**TO DO:**
Print out the records precisely, keeping each line identical to its source.

>>>>>

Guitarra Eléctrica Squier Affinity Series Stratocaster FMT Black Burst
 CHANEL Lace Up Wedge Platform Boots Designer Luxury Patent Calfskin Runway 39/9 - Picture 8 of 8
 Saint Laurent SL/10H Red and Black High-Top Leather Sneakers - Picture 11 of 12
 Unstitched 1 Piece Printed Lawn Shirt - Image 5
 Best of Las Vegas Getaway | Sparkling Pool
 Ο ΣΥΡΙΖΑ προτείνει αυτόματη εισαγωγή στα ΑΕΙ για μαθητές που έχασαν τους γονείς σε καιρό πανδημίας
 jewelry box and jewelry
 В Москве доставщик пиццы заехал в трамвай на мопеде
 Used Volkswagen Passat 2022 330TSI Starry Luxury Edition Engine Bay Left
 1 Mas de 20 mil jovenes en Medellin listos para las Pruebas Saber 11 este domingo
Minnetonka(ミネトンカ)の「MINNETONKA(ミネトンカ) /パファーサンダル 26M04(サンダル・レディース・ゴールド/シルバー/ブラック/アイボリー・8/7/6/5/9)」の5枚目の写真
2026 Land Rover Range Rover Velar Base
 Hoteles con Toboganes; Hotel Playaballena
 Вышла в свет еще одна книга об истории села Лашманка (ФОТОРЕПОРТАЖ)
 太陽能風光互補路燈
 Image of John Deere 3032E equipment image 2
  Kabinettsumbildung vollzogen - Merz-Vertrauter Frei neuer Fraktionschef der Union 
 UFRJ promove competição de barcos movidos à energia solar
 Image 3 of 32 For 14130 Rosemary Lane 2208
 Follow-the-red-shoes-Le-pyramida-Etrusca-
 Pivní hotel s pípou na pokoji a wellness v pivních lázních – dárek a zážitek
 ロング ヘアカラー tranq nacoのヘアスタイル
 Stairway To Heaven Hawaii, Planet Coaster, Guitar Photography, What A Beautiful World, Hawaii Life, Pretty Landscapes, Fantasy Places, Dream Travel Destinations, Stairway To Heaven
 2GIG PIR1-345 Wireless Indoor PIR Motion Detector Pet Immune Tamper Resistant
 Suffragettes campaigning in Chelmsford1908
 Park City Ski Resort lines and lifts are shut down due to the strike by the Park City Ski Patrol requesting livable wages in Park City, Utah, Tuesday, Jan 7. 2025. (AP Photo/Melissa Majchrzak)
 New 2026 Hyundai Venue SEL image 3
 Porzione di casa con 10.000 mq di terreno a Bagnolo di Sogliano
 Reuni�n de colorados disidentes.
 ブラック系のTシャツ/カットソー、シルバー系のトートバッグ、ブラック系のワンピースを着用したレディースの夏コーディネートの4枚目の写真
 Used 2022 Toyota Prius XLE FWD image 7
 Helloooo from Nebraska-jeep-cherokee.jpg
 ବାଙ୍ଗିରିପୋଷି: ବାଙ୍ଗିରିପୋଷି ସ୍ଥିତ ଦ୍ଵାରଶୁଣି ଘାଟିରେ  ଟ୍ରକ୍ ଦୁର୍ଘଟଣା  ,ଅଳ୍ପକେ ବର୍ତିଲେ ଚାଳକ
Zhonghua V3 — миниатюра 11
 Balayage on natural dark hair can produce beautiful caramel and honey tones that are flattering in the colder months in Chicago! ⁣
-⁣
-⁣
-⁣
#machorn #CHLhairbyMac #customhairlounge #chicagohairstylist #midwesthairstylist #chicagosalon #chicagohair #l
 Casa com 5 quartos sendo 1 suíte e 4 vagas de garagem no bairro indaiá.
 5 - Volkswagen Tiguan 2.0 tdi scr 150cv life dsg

<<<<<

**SOLVED PROBLEM:**
Guitarra Eléctrica Squier Affinity Series Stratocaster FMT Black Burst
 CHANEL Lace Up Wedge Platform Boots Designer Luxury Patent Calfskin Runway 39/9 - Picture 8 of 8
 Saint Laurent SL/10H Red and Black High-Top Leather Sneakers - Picture 11 of 12
 Unstitched 1 Piece Printed Lawn Shirt - Image 5
 Best of Las Vegas Getaway | Sparkling Pool
 Ο ΣΥΡΙΖΑ προτείνει αυτόματη εισαγωγή στα ΑΕΙ για μαθητές που έχασαν τους γονείς σε καιρό πανδημίας
 jewelry box and jewelry
 В Москве доставщик пиццы заехал в трамвай на мопеде
 Used Volkswagen Passat 2022 330TSI Starry Luxury Edition Engine Bay Left
 1 Mas de 20 mil jovenes en Medellin listos para las Pruebas Saber 11 este domingo
Minnetonka(ミネトンカ)の「MINNETONKA(ミネトンカ) /パファーサンダル 26M04(サンダル・レディース・ゴールド/シルバー/ブラック/アイボリー・8/7/6/5/9)」の5枚目の写真
2026 Land Rover Range Rover Velar Base
 Hoteles con Toboganes; Hotel Playaballena
 Вышла в свет еще одна книга об истории села Лашманка (ФОТОРЕПОРТАЖ)
 太陽能風光互補路燈
 Image of John Deere 3032E equipment image 2
  Kabinettsumbildung vollzogen - Merz-Vertrauter Frei neuer Fraktionschef der Union 
 UFRJ promove competição de barcos movidos à energia solar
 Image 3 of 32 For 14130 Rosemary Lane 2208
 Follow-the-red-shoes-Le-pyramida-Etrusca-
 Pivní hotel s pípou na pokoji a wellness v pivních lázních – dárek a zážitek
 ロング ヘアカラー tranq nacoのヘアスタイル
 Stairway To Heaven Hawaii, Planet Coaster, Guitar Photography, What A Beautiful World, Hawaii Life, Pretty Landscapes, Fantasy Places, Dream Travel Destinations, Stairway To Heaven
 2GIG PIR1-345 Wireless Indoor PIR Motion Detector Pet Immune Tamper Resistant
 Suffragettes campaigning in Chelmsford1908
 Park City Ski Resort lines and lifts are shut down due to the strike by the Park City Ski Patrol requesting livable wages in Park City, Utah, Tuesday, Jan 7. 2025. (AP Photo/Melissa Majchrzak)
 New 2026 Hyundai Venue SEL image 3
 Porzione di casa con 10.000 mq di terreno a Bagnolo di Sogliano
 Reuni�n de colorados disidentes.
 ブラック系のTシャツ/カットソー、シルバー系のトートバッグ、ブラック系のワンピースを着用したレディースの夏コーディネートの4枚目の写真
 Used 2022 Toyota Prius XLE FWD image 7
 Helloooo from Nebraska-jeep-cherokee.jpg
 ବାଙ୍ଗିରିପୋଷି: ବାଙ୍ଗିରିପୋଷି ସ୍ଥିତ ଦ୍ଵାରଶୁଣି ଘାଟିରେ  ଟ୍ରକ୍ ଦୁର୍ଘଟଣା  ,ଅଳ୍ପକେ ବର୍ତିଲେ ଚାଳକ
Zhonghua V3 — миниатюра 11
 Balayage on natural dark hair can produce beautiful caramel and honey tones that are flattering in the colder months in Chicago! ⁣
-⁣
-⁣
-⁣
#machorn #CHLhairbyMac #customhairlounge #chicagohairstylist #midwesthairstylist #chicagosalon #chicagohair #l
 Casa com 5 quartos sendo 1 suíte e 4 vagas de garagem no bairro indaiá.
 5 - Volkswagen Tiguan 2.0 tdi scr 150cv life dsg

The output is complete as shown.